Finalmente sono riuscita a mettere un punto al primo capitolo della nuova sfida che mi sono lanciata: raccontare le vostre storie. Su instagram, (@alicendemon) non molto tempo fa, ho chiesto se qualcuno voleva raccontare tramite i miei scritti episodi emotivamente forti e significativi. Ognuna delle risposte che ho ricevuto rappresenta una piccola sfida per me, ma anche per chi ha deciso di aprirsi.
Non voglio anticipare niente del racconto “Riccioli, fiocchi rosa ed innocenza“, tranne una singola cosa doverosa: ciò che leggerete sotto è tratto da una storia vera, alcune parole potrebbero urtare la sensibilità di chi non è emotivamente stabile e consapevole. Invito chiunque altro alla lettura e alla condivisione. Di certi argomenti non si parla mai a sufficienza. 


Camminava spedita per le vie di Londra.

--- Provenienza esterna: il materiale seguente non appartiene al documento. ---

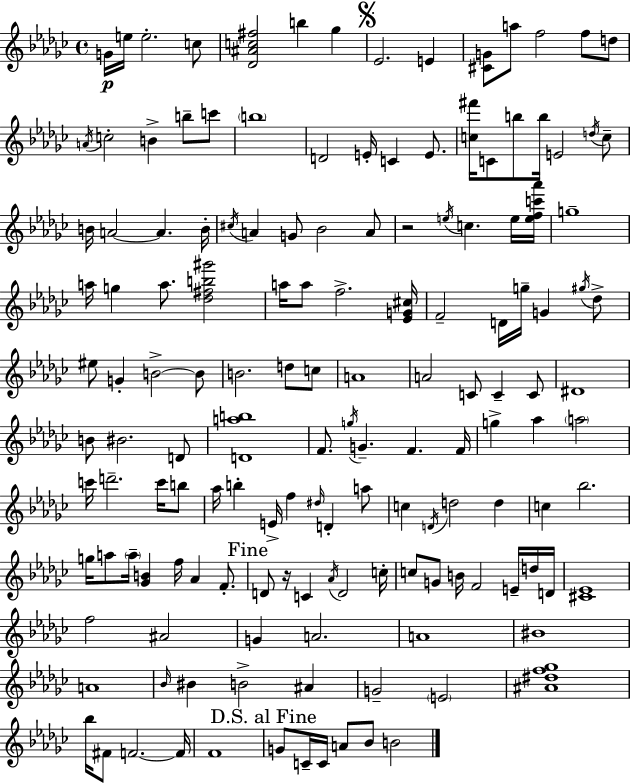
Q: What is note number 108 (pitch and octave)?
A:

La sua destinazione era uno dei tanti meravigliosi parchi che costellavano la città, dove aveva appuntamento con una sua cara amica. Noemi – questo era il suo nome –era tanto abituata al caos di quella metropoli colorata e poliedrica che fare lo slalom tra i passanti le veniva spontaneo quasi quanto respirare.
Anche se la giornata era iniziata con grigiore, da poco aveva smesso di piovere ed un timido solicello era spuntato all’orizzonte, dietro il Big Ban.

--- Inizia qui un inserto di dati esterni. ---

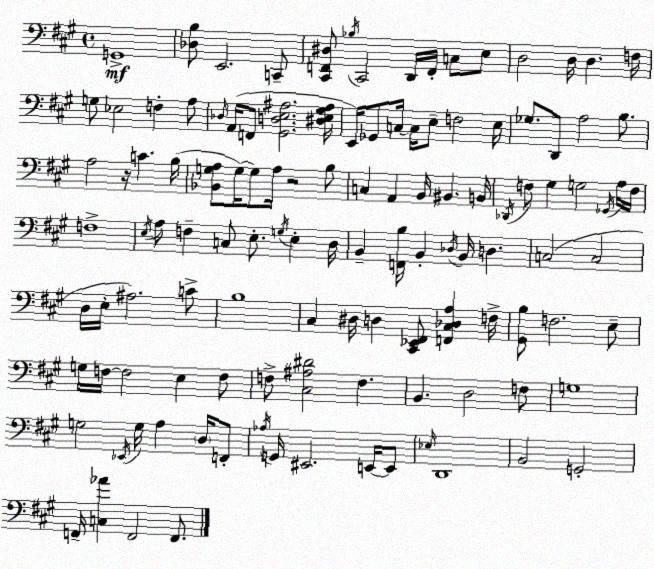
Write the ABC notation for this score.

X:1
T:Untitled
M:4/4
L:1/4
K:A
G,,4 [_D,B,]/2 E,,2 C,,/2 [^C,,F,,^D,]/2 _B,/4 ^C,,2 D,,/4 F,,/4 C,/2 E,/2 D,2 D,/4 D, F,/4 G,/2 _E,2 F, A,/2 _D,/4 A,,/4 F,,/2 [^G,,D,E,^A,]2 [^D,E,^G,^A,]/4 E,,/4 _G,,/2 C,/4 C,/4 E,/2 F,2 E,/4 _G,/2 D,,/2 A,2 B,/2 A,2 z/4 C B,/4 [_B,,G,A,]/2 G,/4 G,/2 A,/4 z2 B,/2 C, A,, B,,/4 ^B,, B,,/4 _D,,/4 F,/2 ^G, G,2 _G,,/4 A,/4 F,/4 F,4 E,/4 A,/2 F, C,/2 E,/2 G,/4 E, D,/4 B,, [F,,B,]/4 B,, _D,/4 B,,/4 D, C,2 C,2 D,/4 E,/4 ^A,2 C/2 B,4 ^C, ^D,/4 D, [^C,,_E,,^F,,]/2 [F,,^C,_D,A,] F,/4 [^G,,B,]/2 F,2 E,/2 G,/4 F,/4 F,2 E, F,/2 F,/2 [^C,^A,^D]2 F, B,, D,2 F,/2 G,4 G,2 _E,,/4 G,/4 A, D,/4 F,,/2 _A,/4 G,,/4 ^E,,2 E,,/4 E,,/2 _E,/4 D,,4 B,,2 G,,2 F,,/4 [C,_A] F,,2 F,,/2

Con la coda dell’occhio scorse qualcosa che attirò la sua attenzione, tanto da farla fermare per osservare.
Dall’altro lato della strada, sopra la porta di un pub, dei fiorellini viola e rosa facevano capolino da un vaso appeso. Una bambina, attratta dai colori, si era fermata tirando la mano della persona che era con lei: un uomo ben oltre la mezza età.

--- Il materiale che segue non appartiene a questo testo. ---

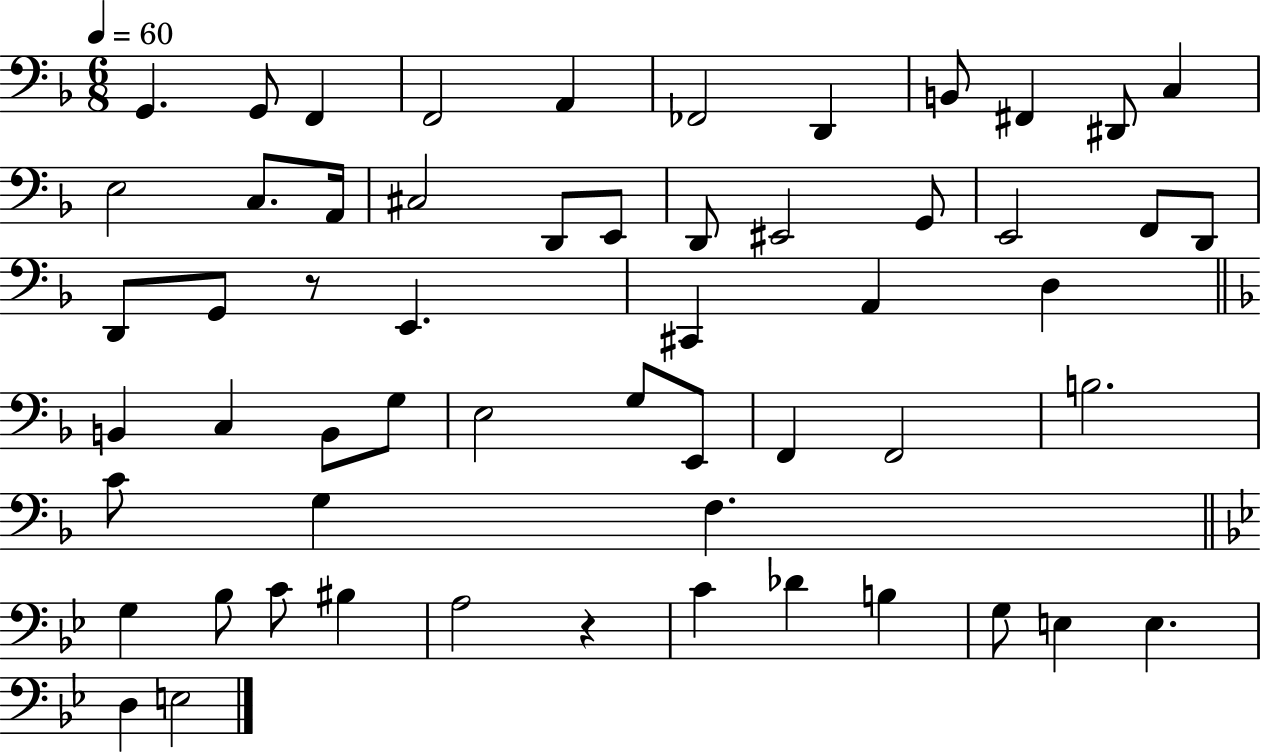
G2/q. G2/e F2/q F2/h A2/q FES2/h D2/q B2/e F#2/q D#2/e C3/q E3/h C3/e. A2/s C#3/h D2/e E2/e D2/e EIS2/h G2/e E2/h F2/e D2/e D2/e G2/e R/e E2/q. C#2/q A2/q D3/q B2/q C3/q B2/e G3/e E3/h G3/e E2/e F2/q F2/h B3/h. C4/e G3/q F3/q. G3/q Bb3/e C4/e BIS3/q A3/h R/q C4/q Db4/q B3/q G3/e E3/q E3/q. D3/q E3/h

Noemi, anche adesso che era diventata una donna, ogni tanto rimaneva catturata da immagini che richiamavano ricordi. Stralci di un passato che talvolta non sembrava appartenerle, ma che portava inciso sulla pelle, sotto quel tatuaggio sottile. Insieme ad esso, era viva la consapevolezza che anche se la sua coscienza poteva dormire a comando, certi avvenimenti sarebbero stati per sempre indelebili.
Bastava poco: una conversazione udita di sfuggita, la pagina di un libro, la scena di un film… o una bambina ricciolina di fronte a lei, per mano ad un uomo che, si augurava, fosse suo nonno.
La piccola non poteva avere più di dieci anni, era girata quasi di spalle e anche se il suo profilo era semi-nascosto dietro i capelli, Noemi poteva scorgerne la bellezza.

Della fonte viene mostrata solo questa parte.